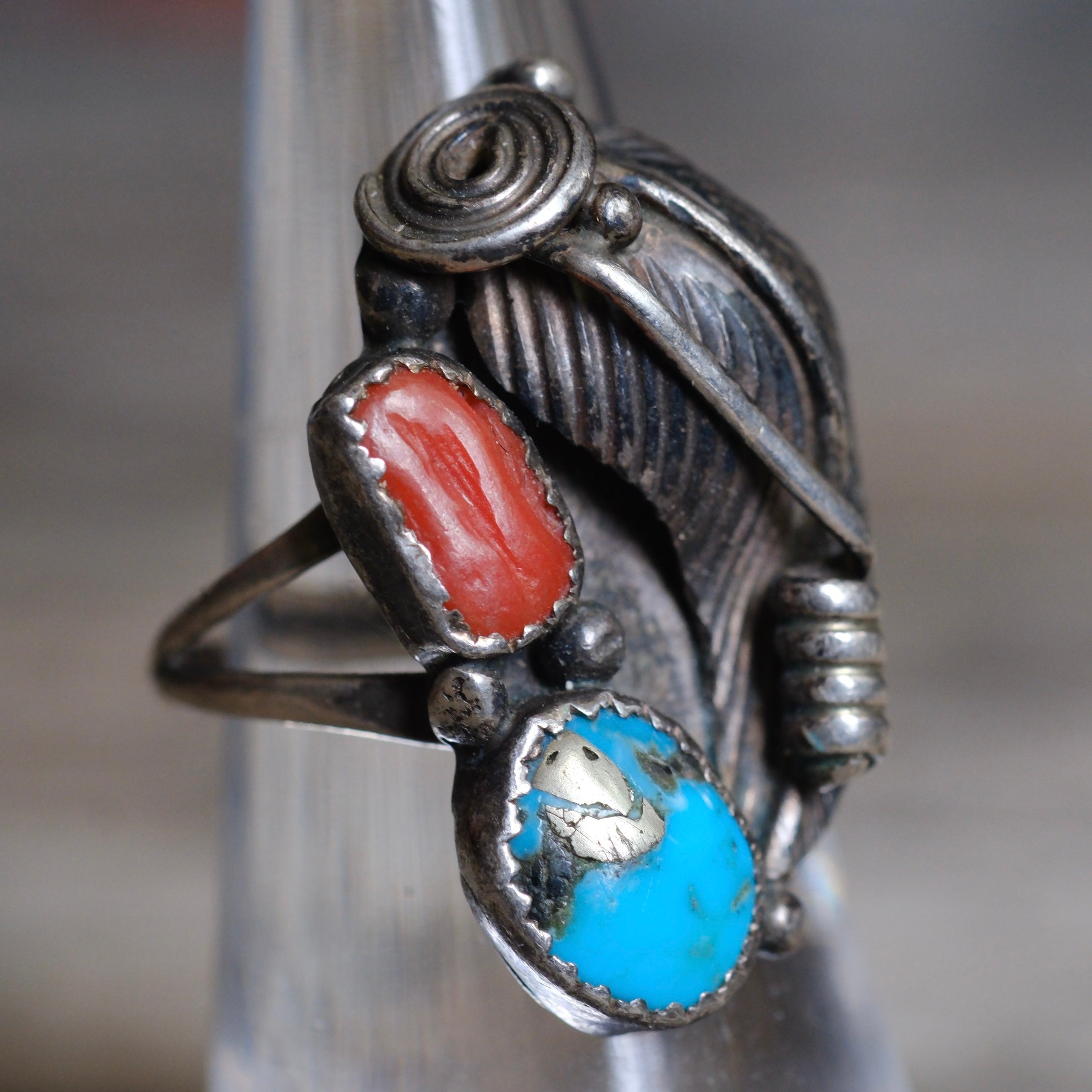 Vintage Sterling Turquoise and Coral Feather Ring 5.5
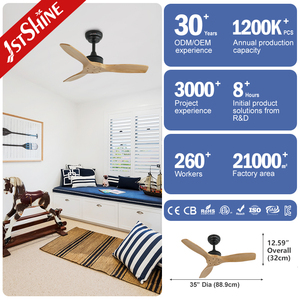 1 ventilatore da soffitto stshine In legno naturale pale silenziose del grande telecomando del vento 35 In. Ventilatore da soffitto senza luce - Product Image 3
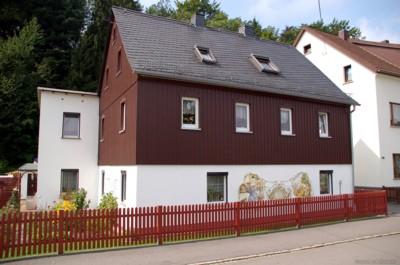 Wandgemälde an der ehemalige Bäckerei Nötzel in Einsiedel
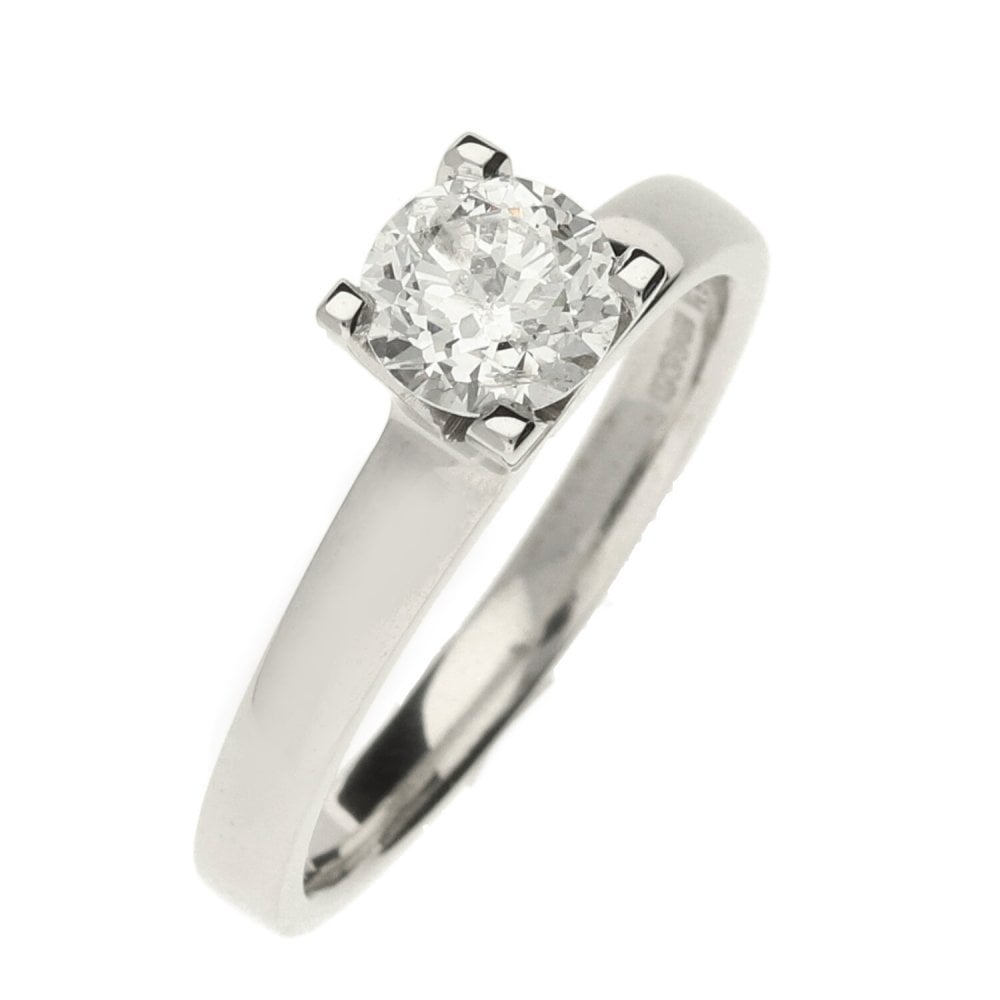 18ct White Gold Diamond Engagement Ring - Size M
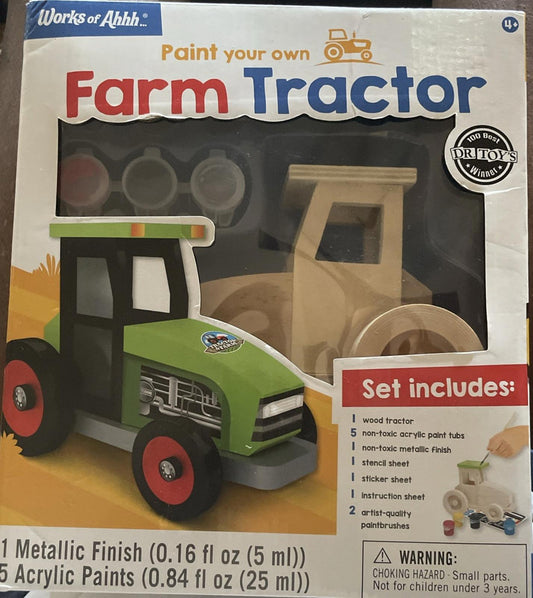 Farm Tractor paint kit includes wooden tractor model and acrylic paints for creative fun.
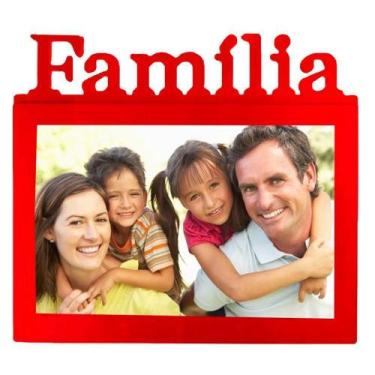 Imagem de Porta Retrato Família 20x15cm Vermelho - Gici Decor
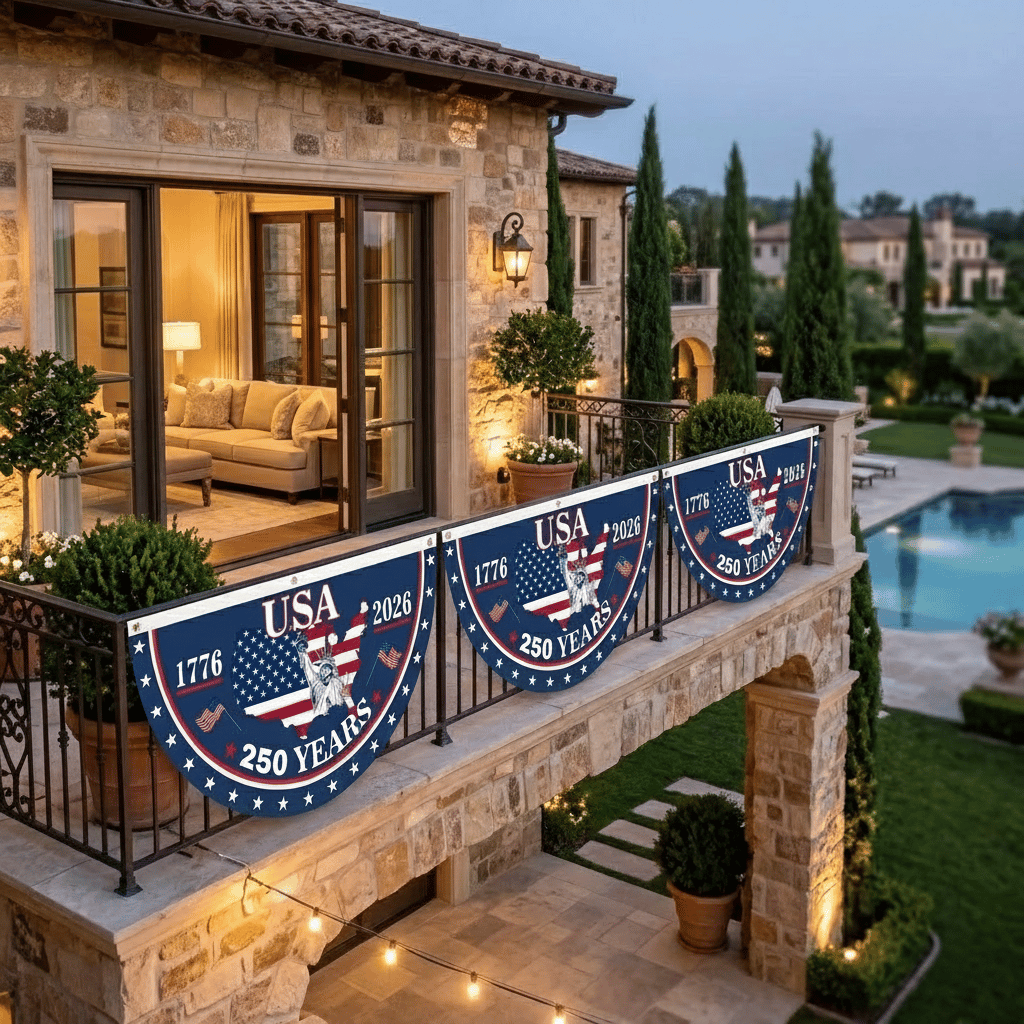 USA 250th Anniversary Flag Half Round Banner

——————

Would you transcribe each of the entries exactly, skipping the pictures?

-- Output of the task --
 Vintage Sterling Turquoise and Coral Feather Ring 5.5
 1 ventilatore da soffitto stshine In legno naturale pale silenziose del grande telecomando del vento 35 In. Ventilatore da soffitto senza luce - Product Image 3
 Wandgemälde an der ehemalige Bäckerei Nötzel in Einsiedel
 18ct White Gold Diamond Engagement Ring - Size M
 Farm Tractor paint kit includes wooden tractor model and acrylic paints for creative fun.
 Imagem de Porta Retrato Família 20x15cm Vermelho - Gici Decor
 USA 250th Anniversary Flag Half Round Banner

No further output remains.